Prawda czy fikcja?


Gdy po raz pierwszy usłyszałam o Eleanor Catton, która została najmłodszą laureatką nagrody Bookera przyznaną jej za powieść Wszystko, co lśni od razu zainteresowałam się jej twórczością. Jeszcze nie miałam okazji sięgnąć po jej nagrodzoną Bookerem książkę, ale gdy nadarzyła się okazja, z wielką chęcią sięgnęłam po debiutancką powieść autorki, czyli Próbę.

W mieście wybucha skandal. Nastoletnia uczennica wdała się w romans z nauczycielem liceum muzycznego. On zostaje zwolniony, a ona napiętnowana. Wszyscy zaangażowani w sprawę starają się na swój sposób dociec prawdy. W szkole zostają zorganizowane spotkania z psychologiem mające ustrzec uczniów przed czyhającymi na każdym kroku niebezpieczeństwami. W sąsiadującej do liceum szkole teatralnej studenci postanawiają odegrać na zaliczenie sztukę traktującą o skandalu. Oddzielenie realnego życia od dramatu scenicznego okazuje się jednak trudniejsze, niż można było przypuszczać...

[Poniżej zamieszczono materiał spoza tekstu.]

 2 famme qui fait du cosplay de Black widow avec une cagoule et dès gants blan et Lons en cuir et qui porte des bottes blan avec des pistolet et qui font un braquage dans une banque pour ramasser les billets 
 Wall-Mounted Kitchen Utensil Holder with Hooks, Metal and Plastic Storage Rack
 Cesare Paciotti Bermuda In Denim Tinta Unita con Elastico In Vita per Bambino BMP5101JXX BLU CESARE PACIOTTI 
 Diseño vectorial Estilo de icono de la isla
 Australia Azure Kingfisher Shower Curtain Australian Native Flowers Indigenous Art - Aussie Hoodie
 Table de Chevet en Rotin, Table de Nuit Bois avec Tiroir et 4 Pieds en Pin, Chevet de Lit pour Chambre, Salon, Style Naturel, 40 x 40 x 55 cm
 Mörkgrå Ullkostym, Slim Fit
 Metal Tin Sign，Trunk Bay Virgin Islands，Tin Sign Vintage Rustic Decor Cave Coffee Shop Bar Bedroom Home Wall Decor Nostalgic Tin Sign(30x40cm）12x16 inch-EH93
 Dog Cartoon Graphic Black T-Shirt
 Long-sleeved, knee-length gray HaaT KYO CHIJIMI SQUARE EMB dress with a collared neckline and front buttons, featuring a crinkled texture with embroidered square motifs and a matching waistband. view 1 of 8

Na pierwszy rzut oka można się spodziewać, że fabuła będzie krążyć wokół skandalu, czyli romansu nauczyciela z nieletnią dziewczyną. Wcale tak się jednak nie dzieje, ponieważ to nie ta para gra w powieści pierwsze skrzypce, jest raczej tylko pretekstem do zawiązania całej opowieści. Określenie, o czym tak naprawdę jest Próba, wcale nie jest takie łatwe, ponieważ na kartach książki przeplatają się dwa wątki. Akcja jednego rozgrywa się w szkole muzycznej, gdzie uczęszczała „wykorzystana” Victoria, natomiast drugi przenosi nas na scenę do szkoły teatralnej, gdzie uczniowie pierwszego roku postanawiają odegrać na zaliczenie sztukę opowiadającą o skandalu. Każdemu z tych wątków przewodzi jeden bohater. W szkole muzycznej jest to Isolde, czyli młodsza siostra Victorii, stanowiąca połączenie czytelnika z napiętnowaną przez społeczeństwo siostrą. Stanley to uczeń pierwszego roku o wielkich ambicjach, który wprowadza czytelnika na próby do przedstawienia oraz zaznajamia go z zasadami, według których funkcjonuje szkoła. Jak można się spodziewać, te dwa wątki w końcu znajdą punkt wspólny, ale nie to jest w tej książce najważniejsze. Autorka już od pierwszych stron bawi się z czytelnikiem w podchody, wciąga go w grę, w której nie wiadomo, co jest prawdą, a co tylko fikcją. 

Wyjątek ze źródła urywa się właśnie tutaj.